The Boeing 777 is the world’s most successful twin-engine, long-haul airplane. The latest generation of planes, the 777-300ER, the 777-200LR and also 777 freighters, use exclusively the GE90-115B engine, which reigns as the world’s most powerful jet engine. 

The GE90 would turn the Titanic into a speedboat.

In 2002, the GE90-115B engine generated 127,900 pounds of thrust at a GE test stand in Peebles, Ohio. That’s more than the combined total horsepower of the Titanic (46,000 pounds) and the Redstone rocket (76,000 pounds) that took the first American, Alan Shepard, to space. The feat earned the engine a spot in the Guinness World Records book.

The engine is also a study in innovation and applied design. The sinuous, efficient curves of the engine’s carbon fiber composite fan blades that pull thousands of pounds of air per second inside the engine are so graceful that New York’s Museum of Modern Art picked one for its Architecture and Design Collection.

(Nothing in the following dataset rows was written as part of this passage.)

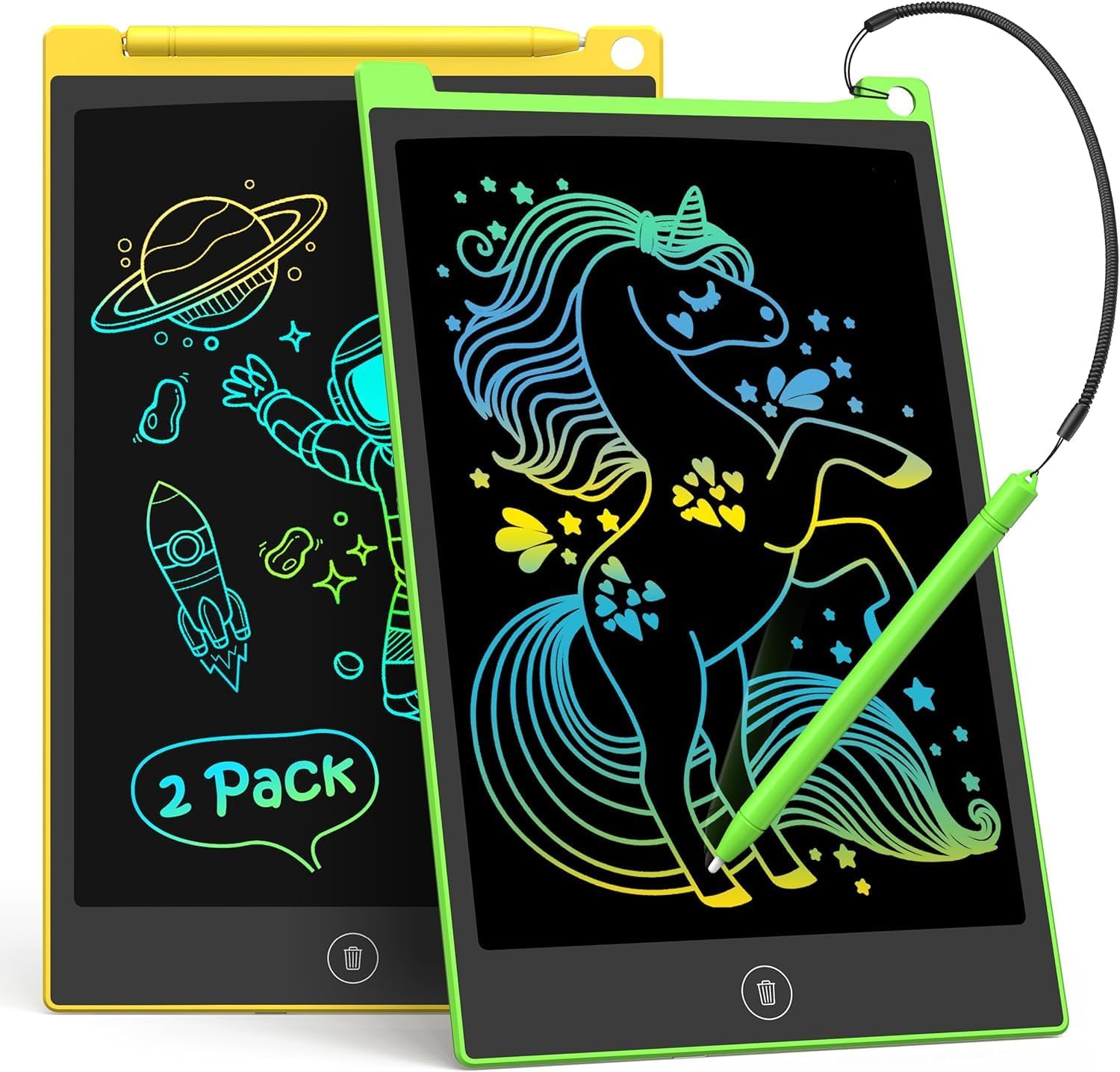 TECJOE Paquete de 2 tabletas de escritura LCD, tableta de dibujo colorida de 8.5 pulgadas para niños, juegos de viaje, actividades de aprendizaje,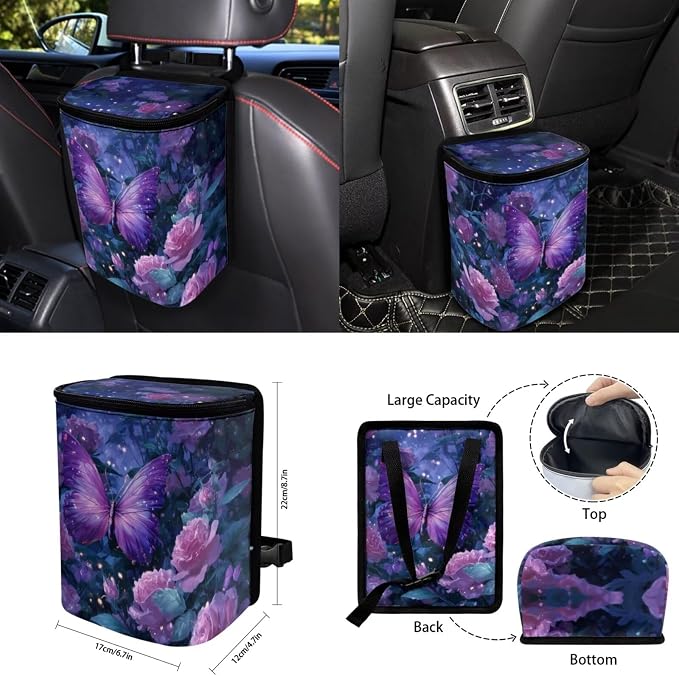 Purple Rose Butterfly 15 PCS Car Seat Cover Set with Auto Steering Wheel Cover Seat Belt Strap Protector Cup Holder Trash Bag Rear View Mirror Protector Keychain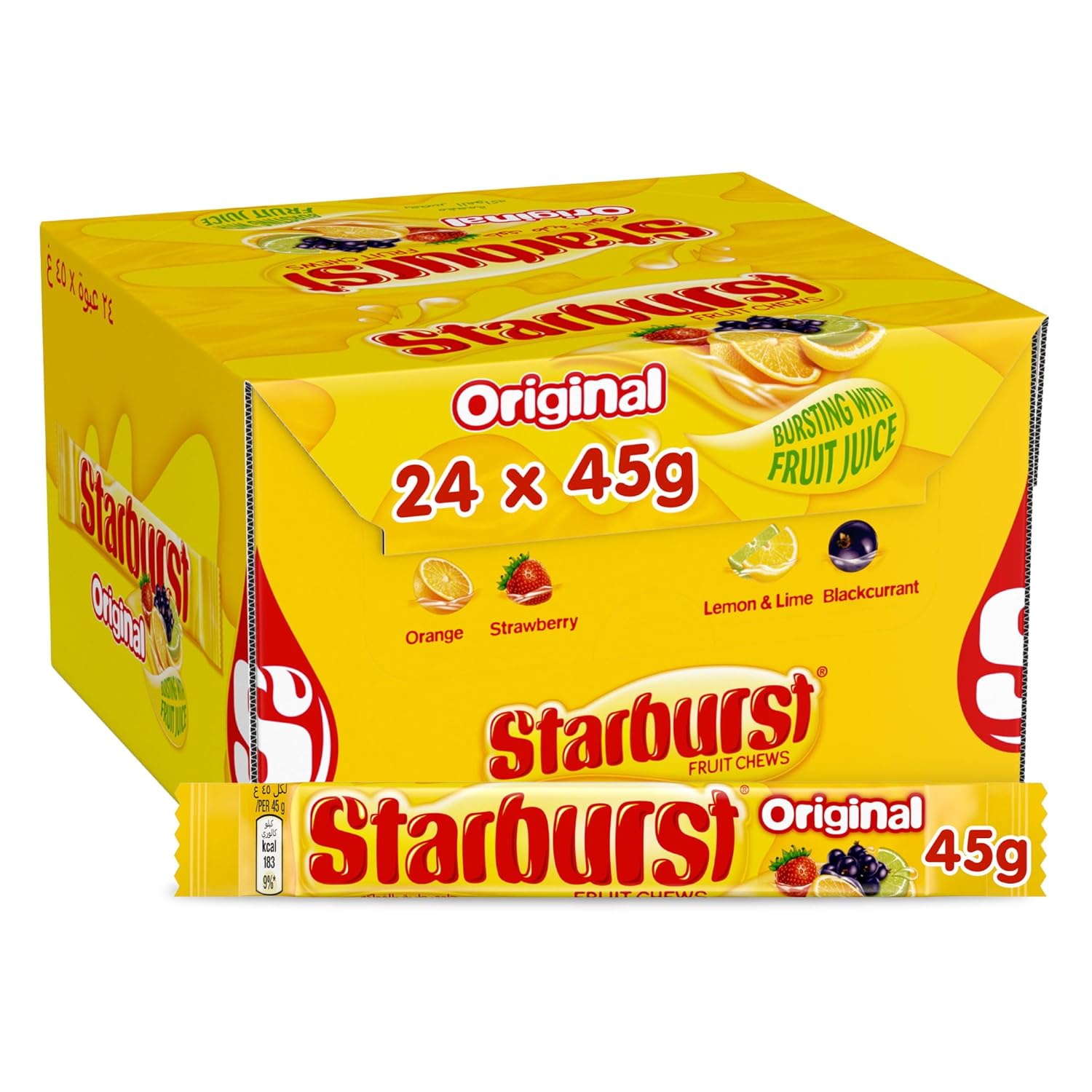 24 x Starburst Original Fruit Chews Sweets 45G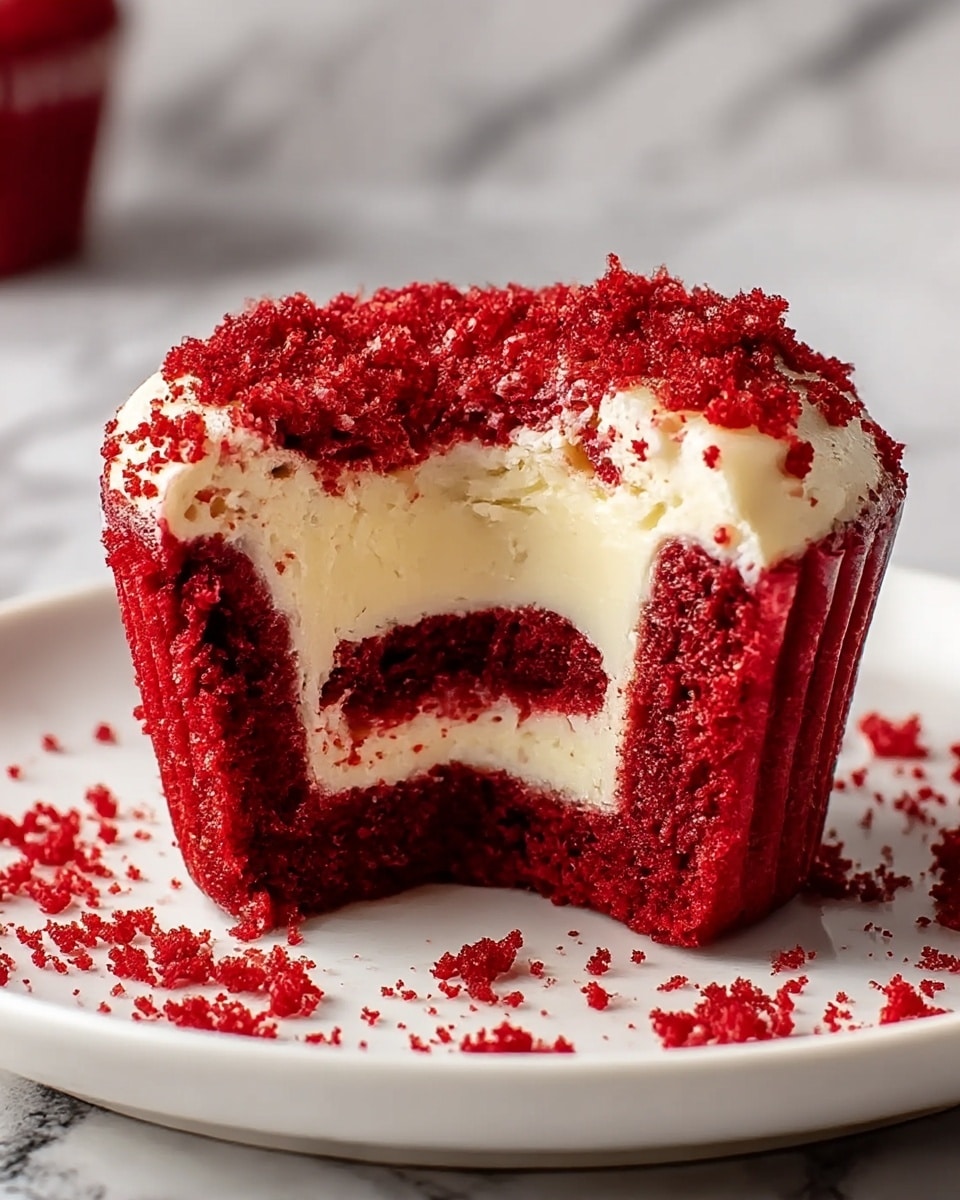 A small red velvet cupcake with a swirl of white cream cheese frosting inside, showing a layered pattern: a thick red outer cake layer with a moist, crumbly texture, a creamy white middle layer, and a red velvet center swirl above the cream, all topped with red crumbs on the surface. It is placed on a white plate with scattered red crumbs around it, set on a white marbled surface. Photo taken with an iphone --ar 4:5 --v 7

GE has delivered more than 1,000 GE90 engines to Boeing. GE engineers have started working on an engine study, called GE9X, for the next-generation GE90 engine, which is designed specifically for the 777X plane. “The GE9X engine study is focused on improvements in fuel burn, noise and emission over the current GE90-115B engine while maintaining comparable reliability and maintenance cost,” said Bill Millhaem, general manager of the GE90 program at GE Aviation.

The engine core will have parts manufactured from a revolutionary new material called ceramic matrix composite. The material can work at temperatures as high as 2,400 F, higher than any advanced alloy. These innovations will help GE improve fuel efficiency by 10 percent, compared to today’s GE90 engines, saving airlines millions.